60 Minutes Airs Shocking Footage of Assad's Sarin Gas Attack on Civilians

April 19, 2015

On Sunday night, 60 Minutes aired some of the most shocking and unedited footage from the 2013 sarin gas attack on the town of Damascus.

The attack was labeled by the Secretary General of the United Nations as a "crime against humanity." No one has been held accountable.

Sarin gas is a nerve gas that is that is banned in virtually every country; the mere possession of it is a crime. The gas is odorless and colorless. It is also heavier than air and within seconds seeped under doorways in a matter of seconds.  The attack happened late in the early morning hours of August 21, 2013.

Kassem Eid described the rockets that exploded about 300 feet away from where he was living, as silent. Eid also said that in seconds he lost his ability to breathe and his eyes burned. Sarin gas causes paralysis of the respiratory system, so oxygen cannot get to the brain, and victims lose control of their muscles.

This is the deadliest sarin gas attack on civilians since 1988, when Saddam Hussein bombed his own citizens in Iraq.
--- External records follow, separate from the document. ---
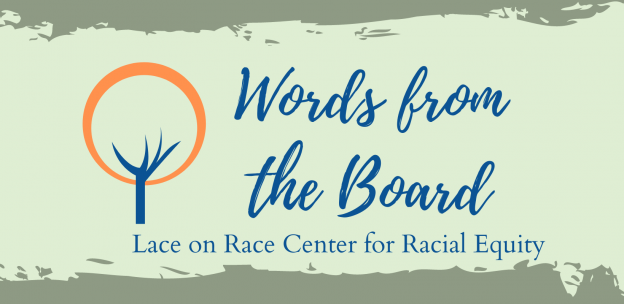 Words from the Board Lace on Race Center for Racial Equity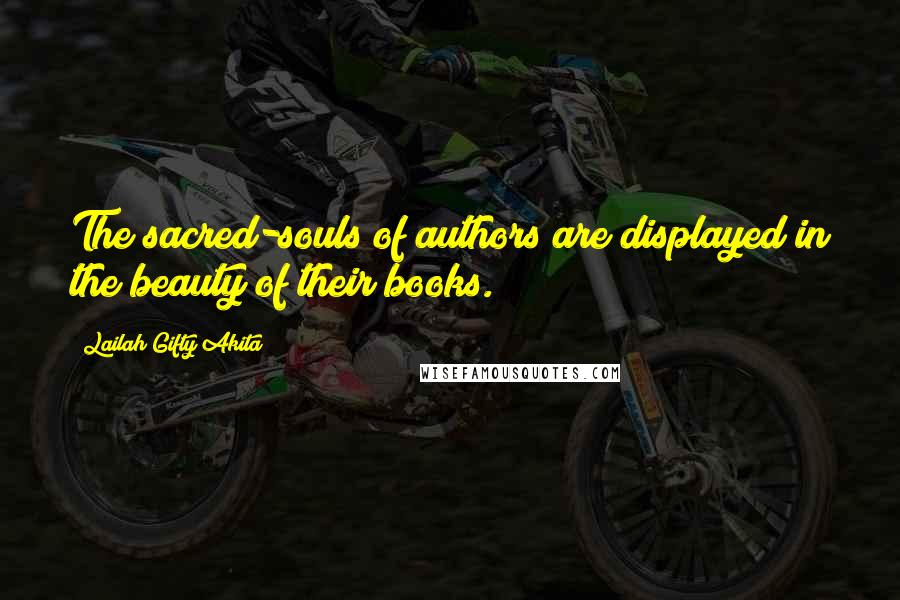 Lailah Gifty Akita Quotes: The sacred-souls of authors are displayed in the beauty of their books.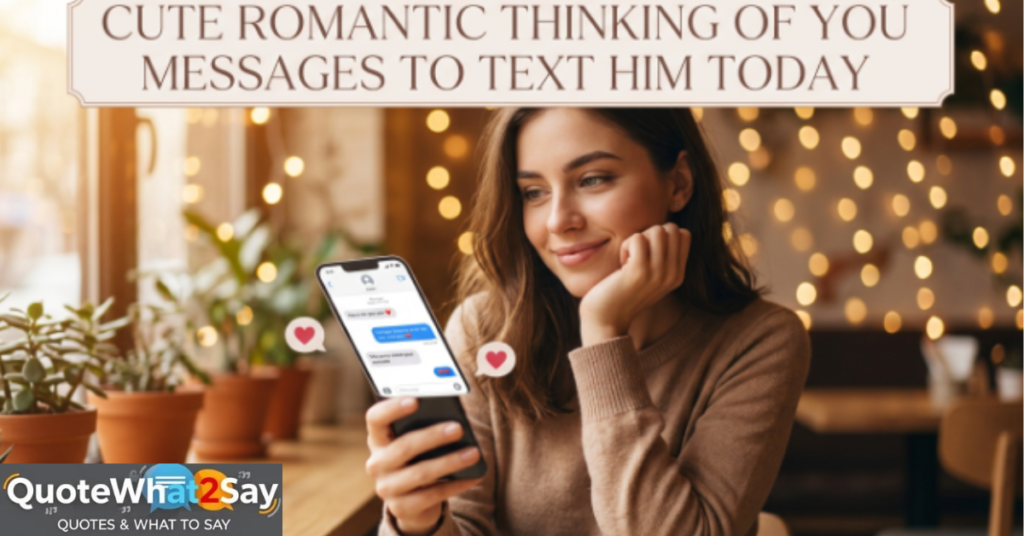Cute Romantic Thinking of You Messages to Text Him Today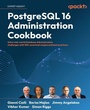 Cover: PostgreSQL 16 Administration Cookbook - Packt Publishing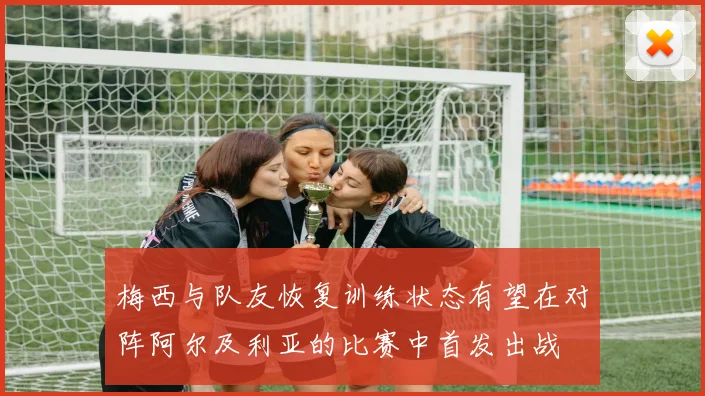 梅西与队友恢复训练状态有望在对阵阿尔及利亚的比赛中首发出战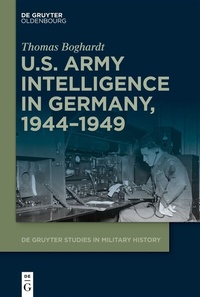 Abbildung von: U.S. Army Intelligence in Germany, 1944-1949 - De Gruyter Oldenbourg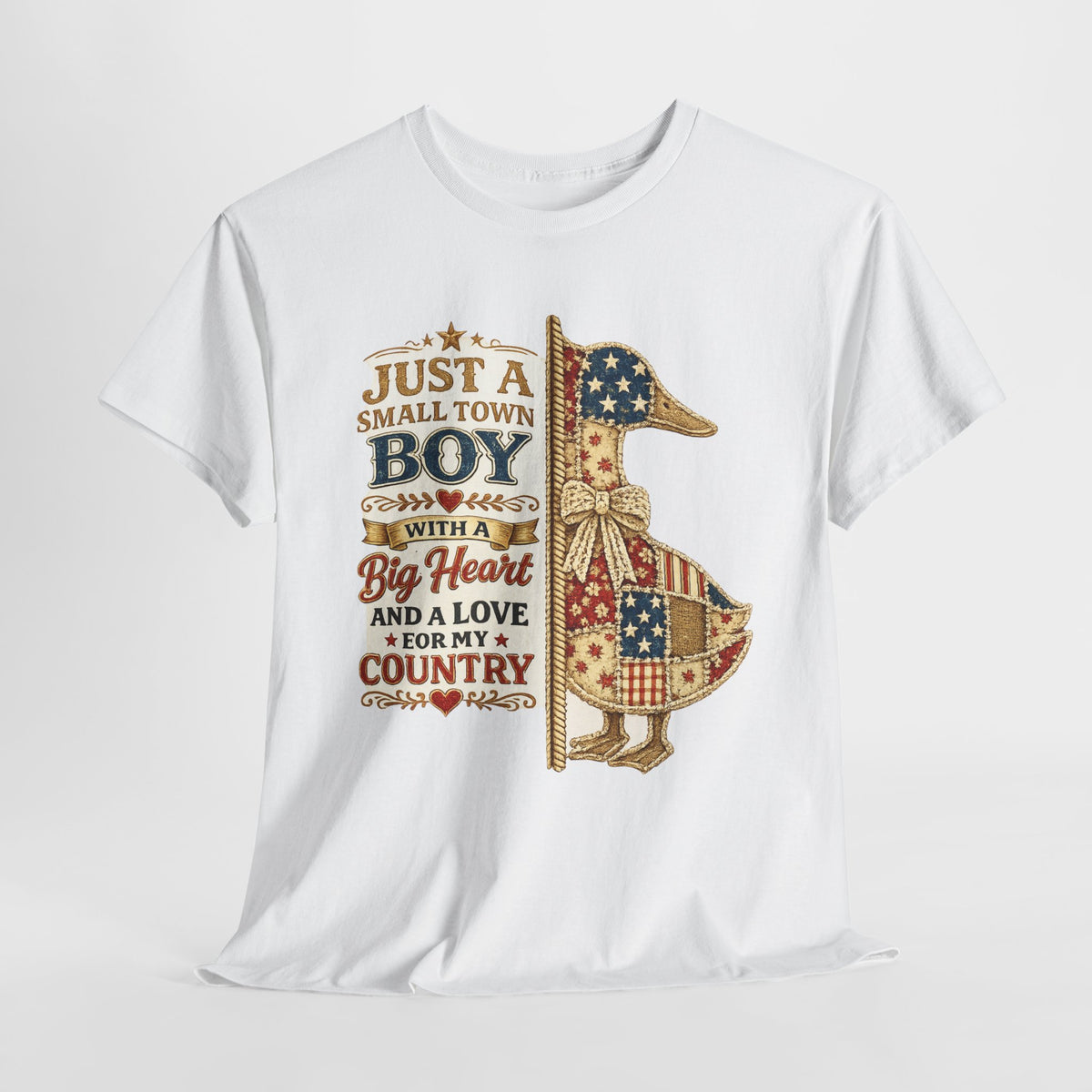 Small Town Boy Patriotic T-Shirt – “Just a Small Town Boy with a Big Heart and a Love for My Country”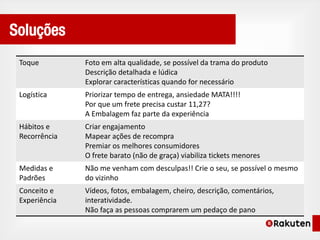 Soluções
 Toque         Foto em alta qualidade, se possível da trama do produto
               Descrição detalhada e lúdica
               Explorar características quando for necessário
 Logística     Priorizar tempo de entrega, ansiedade MATA!!!!
               Por que um frete precisa custar 11,27?
               A Embalagem faz parte da experiência
 Hábitos e     Criar engajamento
 Recorrência   Mapear ações de recompra
               Premiar os melhores consumidores
               O frete barato (não de graça) viabiliza tickets menores
 Medidas e     Não me venham com desculpas!! Crie o seu, se possível o mesmo
 Padrões       do vizinho
 Conceito e    Vídeos, fotos, embalagem, cheiro, descrição, comentários,
 Experiência   interatividade.
               Não faça as pessoas comprarem um pedaço de pano
 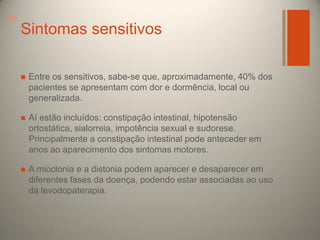 +

Sintomas sensitivos


Entre os sensitivos, sabe-se que, aproximadamente, 40% dos
pacientes se apresentam com dor e dormência, local ou
generalizada.



Aí estão incluídos: constipação intestinal, hipotensão
ortostática, sialorreia, impotência sexual e sudorese.
Principalmente a constipação intestinal pode anteceder em
anos ao aparecimento dos sintomas motores.



A mioclonia e a distonia podem aparecer e desaparecer em
diferentes fases da doença, podendo estar associadas ao uso
da levodopaterapia.

 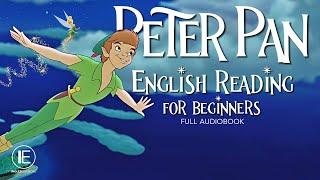 Peter Pan - English Reading for Beginners Full AUDIOBOOK (leitura guiada em inglês para iniciantes)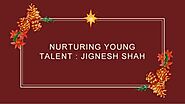 Nurturing young Talent Jignesh Shah
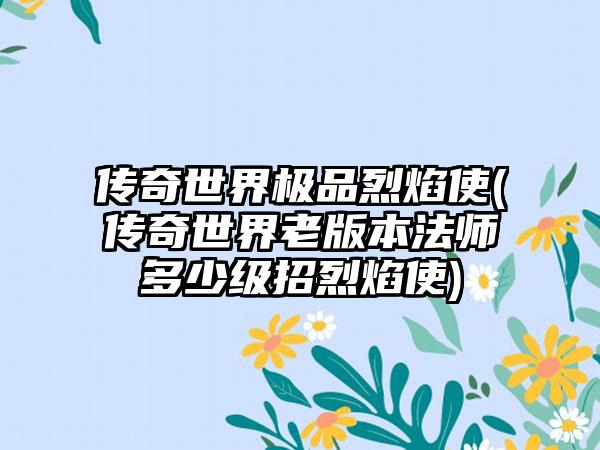 传奇世界极品烈焰使(传奇世界老版本法师多少级招烈焰使)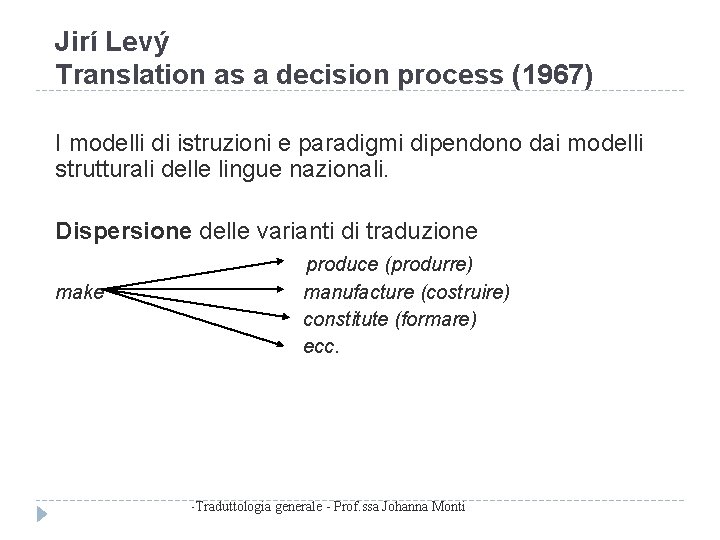 Jirí Levý Translation as a decision process (1967) I modelli di istruzioni e paradigmi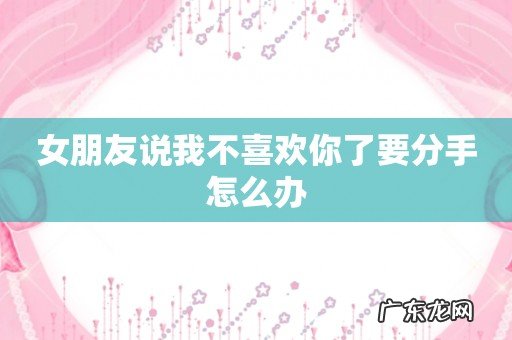 女朋友说我不喜欢你了要分手怎么办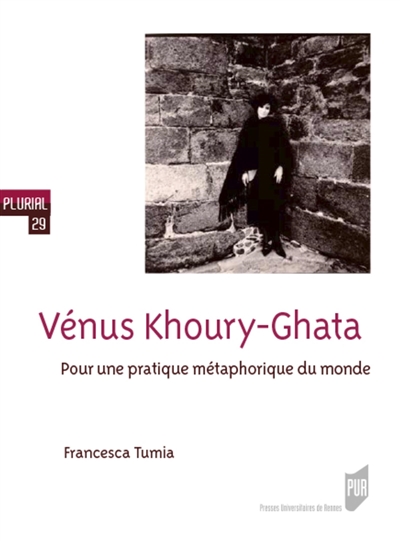 Vénus Khoury-Ghata : pour une pratique métaphorique du monde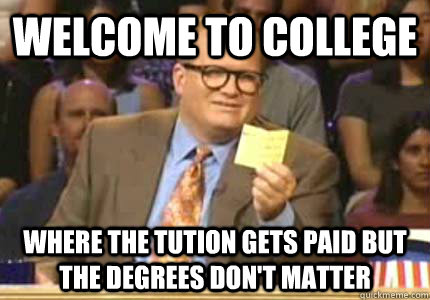 WELCOME TO college Where the tution gets paid but the degrees don't matter  Whose Line
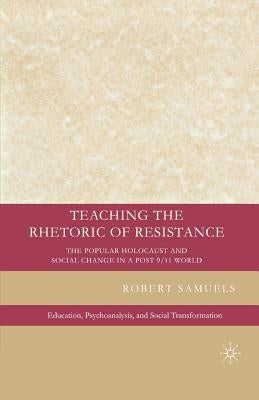 Teaching the Rhetoric of Resistance: The Popular Holocaust and Social Change in a Post-9/11 World by Samuels, R.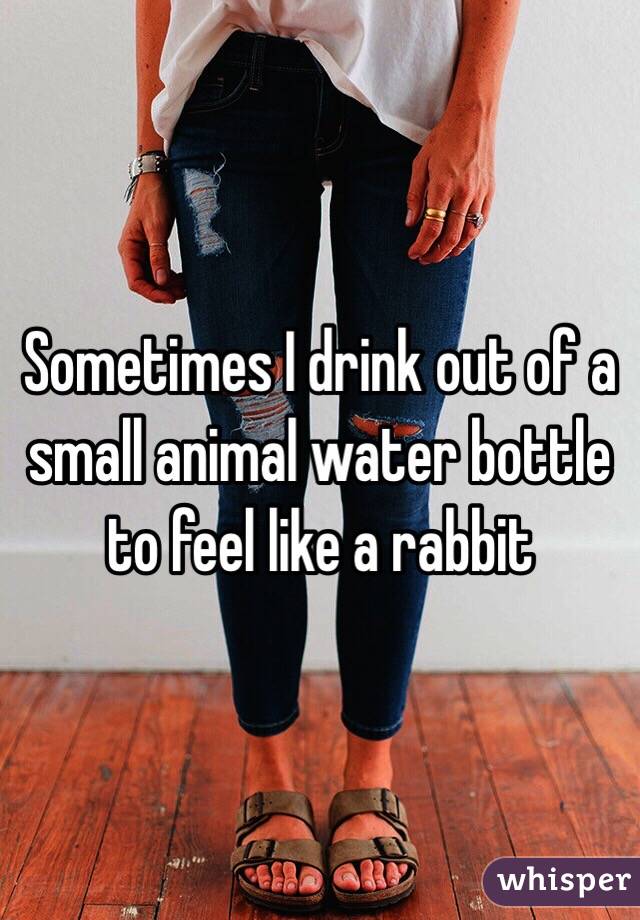 Sometimes I drink out of a small animal water bottle to feel like a rabbit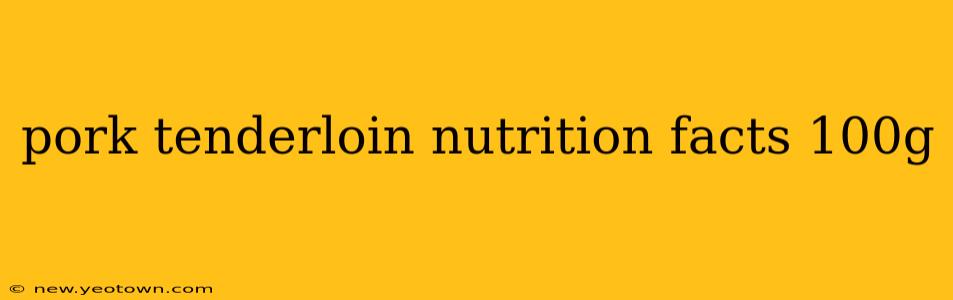 pork tenderloin nutrition facts 100g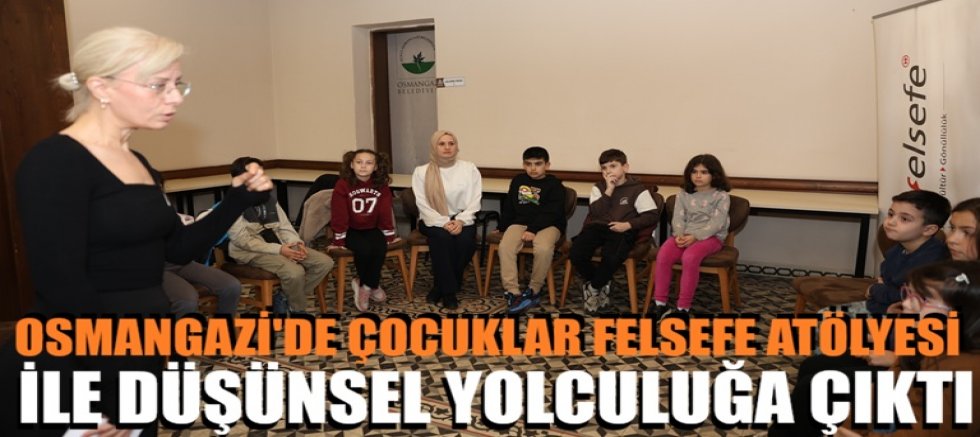 Osmangazi’de Çocuklar Felsefe Atölyesi İle Düşünsel Yolculuğa Çıktı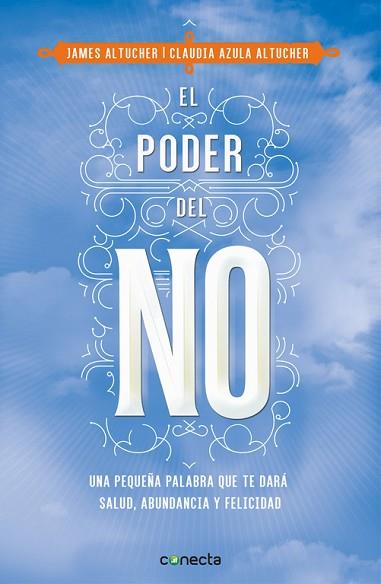 EL PODER DEL NO | 9788416029990 | ALTUCHER,, CLAUDIA AZULA/ALTUCHER, JAMES | Llibres Parcir | Llibreria Parcir | Llibreria online de Manresa | Comprar llibres en català i castellà online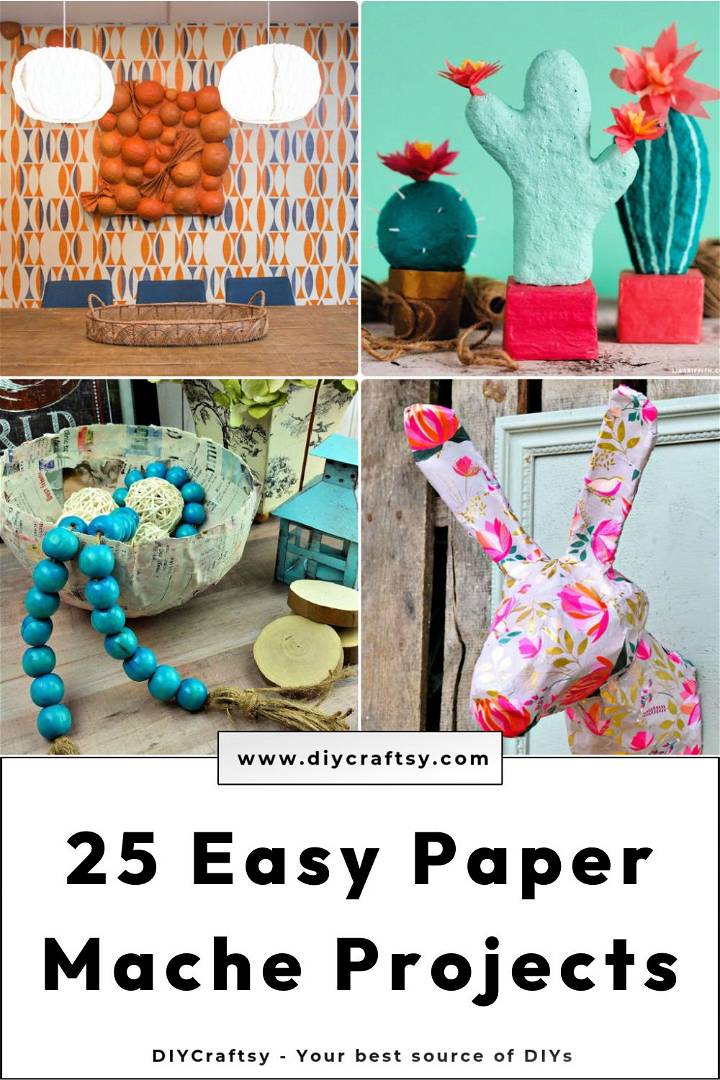 25 easy paper mache projects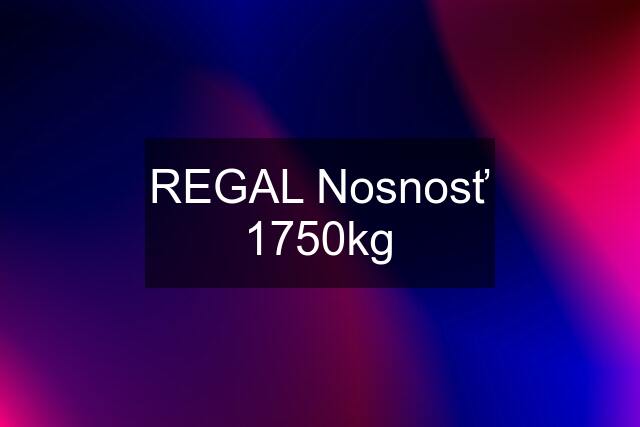 REGAL Nosnosť 1750kg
The gas was banned in 1997 along with other chemical weapons. In August 2012 President Obama set a red line when intelligence indicated Bashar Al-Assad’s regime was capable of using chemical weapons and asked for Assad to hand over Syrian’s stockpile of chemical weapons.

Just days after the attack, the White House determined that Assad was responsible for the attacks on the thousands of innocent people, roughly half of which were children. U.S. intelligence has said the gas attacks were out of frustration from the Syrian army and the dictatorship after years of shelling and starving failed to break the rebels.